Nel 1900 per cercare migliori condizioni di lavoro e di vita, la famiglia Mazzolari si trasferì a Verolanuova, in provincia e diocesi di Brescia e, dopo due anni, terminate le scuole elementari, Primo decise di entrare in seminario (continua biografia sul sito della Fondazione).

In occasione del 50° anniversario della morte, un convegno di studio a Roma, presso l'Istituto Luigi Sturzo, oggi pomeriggio e domani mattina, dal titolo Immagini di Chiesa in Italia prima del Concilio Don Primo Mazzolari e le Ecclesiologie del suo tempo propone una riflessione sulla ecclesiologia del Novecento e di Don Primo Mazzolari, nelle diverse articolazioni.
Con il contributo di importanti studiosi, verrà ricostruita e aggiornata la situazione e il contesto in cui si sviluppò il pensiero sulla Chiesa di Don Primo e la conseguente analisi dell'ecclesiologia novecentesca e degli ambienti teologici lombardi per arrivare a delineare la visione mazzolariana della "Chiesa della Carità" e i suoi sviluppi.

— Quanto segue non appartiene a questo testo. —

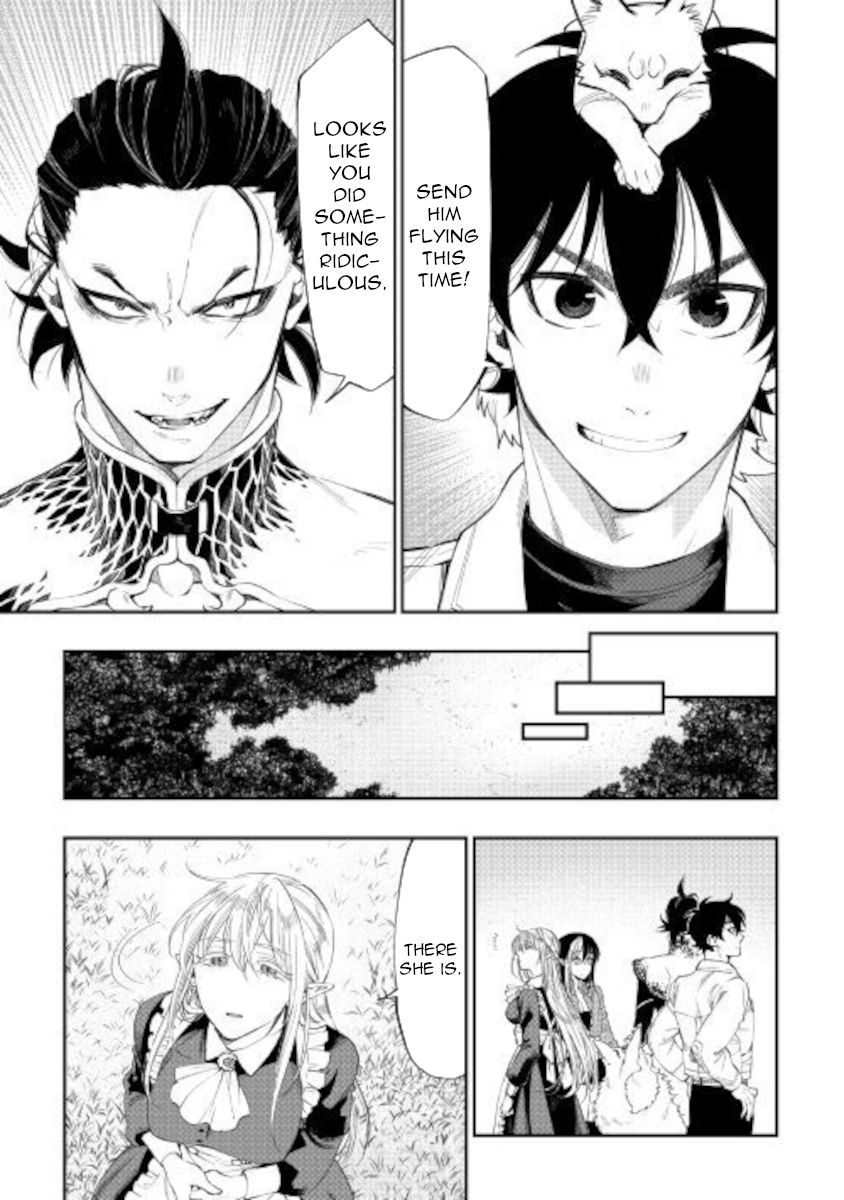 Page 21 of Chapter 66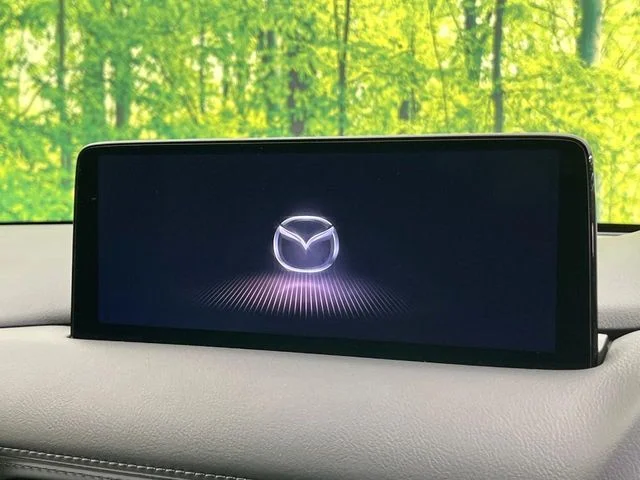 Mazda CX-5 4WD XD　スポーツ　アピアランス photo 4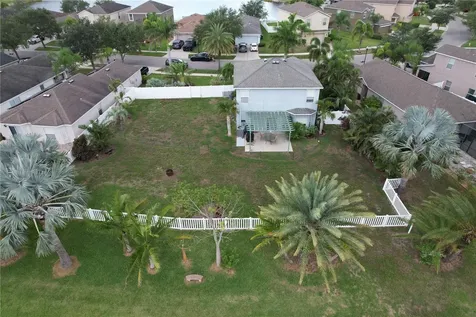 931 Seminole Sky Drive Ruskin FL 33570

Inoltre, i riferimenti dello stesso Don Primo alla Francia, saranno ricordati con una specifica relazione sulla cultura cattolica francese nel Novecento e l'emergere di nuove linee di spiritualità negli anni di don Primo, sarà analizzato con la rilettura di altre personalità quali Milani e Calducci, ripercorrendo l’immagine della Chiesa e il rapporto Stato-Chiesa nelle riviste di frontiera degli anni ’50.
Rinviando ancora al sito uffciale per ogni ulteriore approfondimento sulle opere di Don Mazzolari, desidero informare che dal 14 aprile (due giorni dopo l'esatto anniversario per la coincidenza delle festività pasquali) un francobollo del valore di 60 centesimi lo ricorda ribadendo proprio la parola "pace" ripetuta più volte e con diversi caratteri che, insieme al busto, tratto da una foto del 1958, caratterizza l'omaggio dentellato a don Primo.